Please return the data word for word and leave out any picture it contains.

**Given material**

[Start of Attachment]

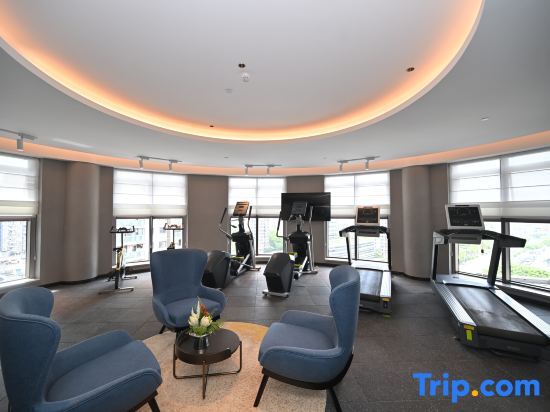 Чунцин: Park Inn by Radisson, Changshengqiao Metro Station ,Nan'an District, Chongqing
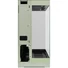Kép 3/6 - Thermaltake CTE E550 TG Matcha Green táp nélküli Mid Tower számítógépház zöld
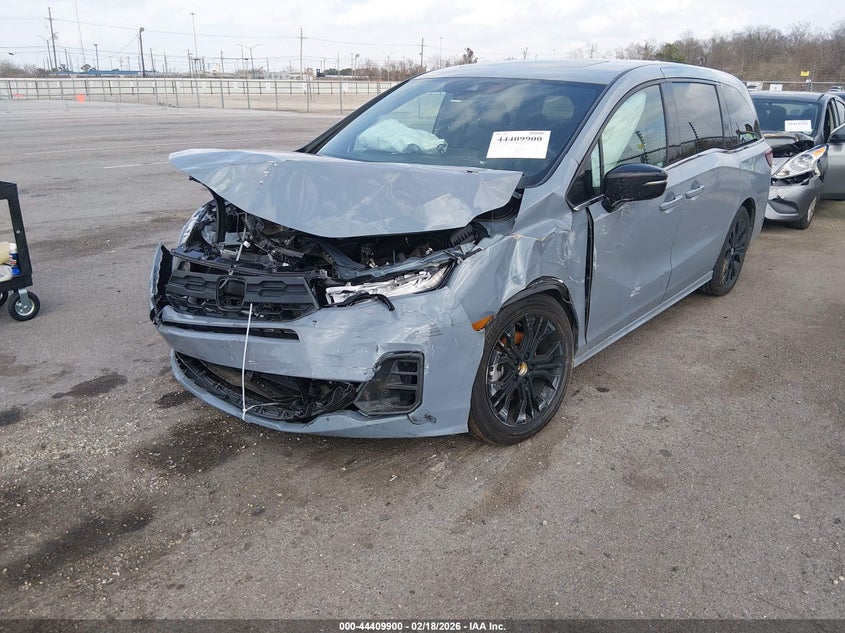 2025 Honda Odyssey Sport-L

[End of Attachment]

**Solution for this problem**
 Чунцин: Park Inn by Radisson, Changshengqiao Metro Station ,Nan'an District, Chongqing
Kép 3/6 - Thermaltake CTE E550 TG Matcha Green táp nélküli Mid Tower számítógépház zöld
 2025 Honda Odyssey Sport-L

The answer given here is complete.